DATASET CONTENT Block Start
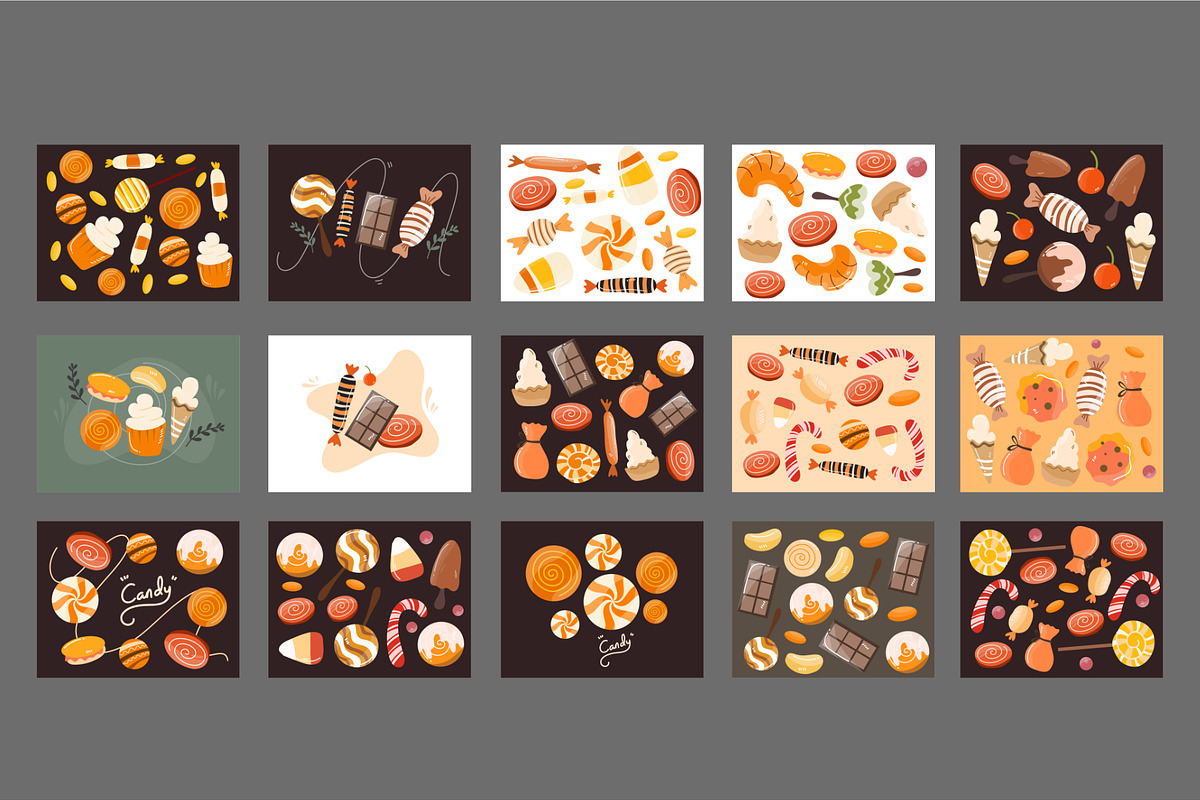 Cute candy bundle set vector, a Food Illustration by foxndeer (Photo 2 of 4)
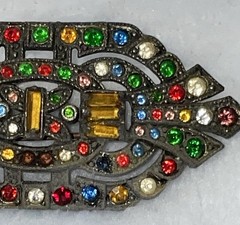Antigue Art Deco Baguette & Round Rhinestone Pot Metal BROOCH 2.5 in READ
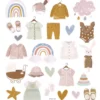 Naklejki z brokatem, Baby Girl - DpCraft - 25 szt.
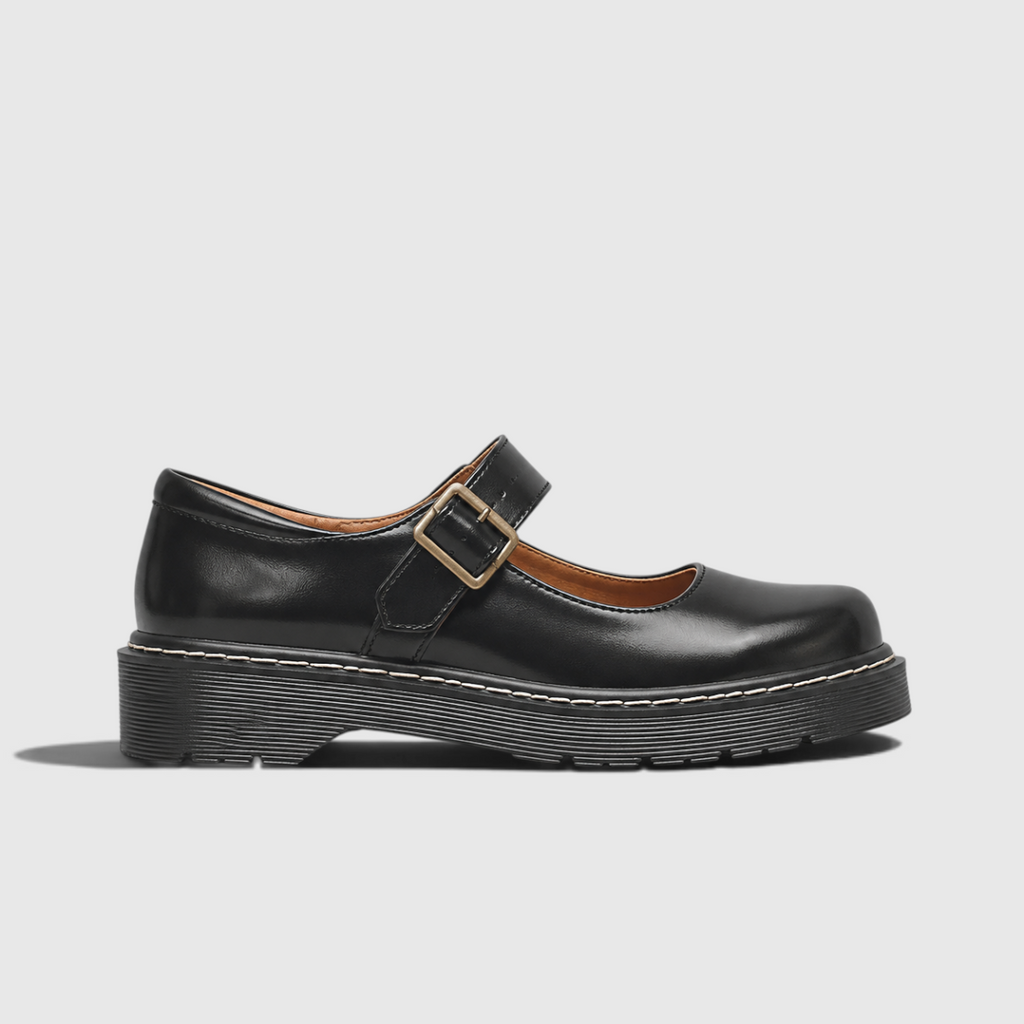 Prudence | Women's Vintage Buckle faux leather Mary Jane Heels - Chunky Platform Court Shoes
DATASET CONTENT Block End
*EXERCISE DESCRIPTION*: Would you please write out exactly the lines between the line containing "Naklejki z brokatem, Baby" and the last line of the listing above, inclusive, without pictures?

*EXPECTED ANSWER*:
 Naklejki z brokatem, Baby Girl - DpCraft - 25 szt.
 Prudence | Women's Vintage Buckle faux leather Mary Jane Heels - Chunky Platform Court Shoes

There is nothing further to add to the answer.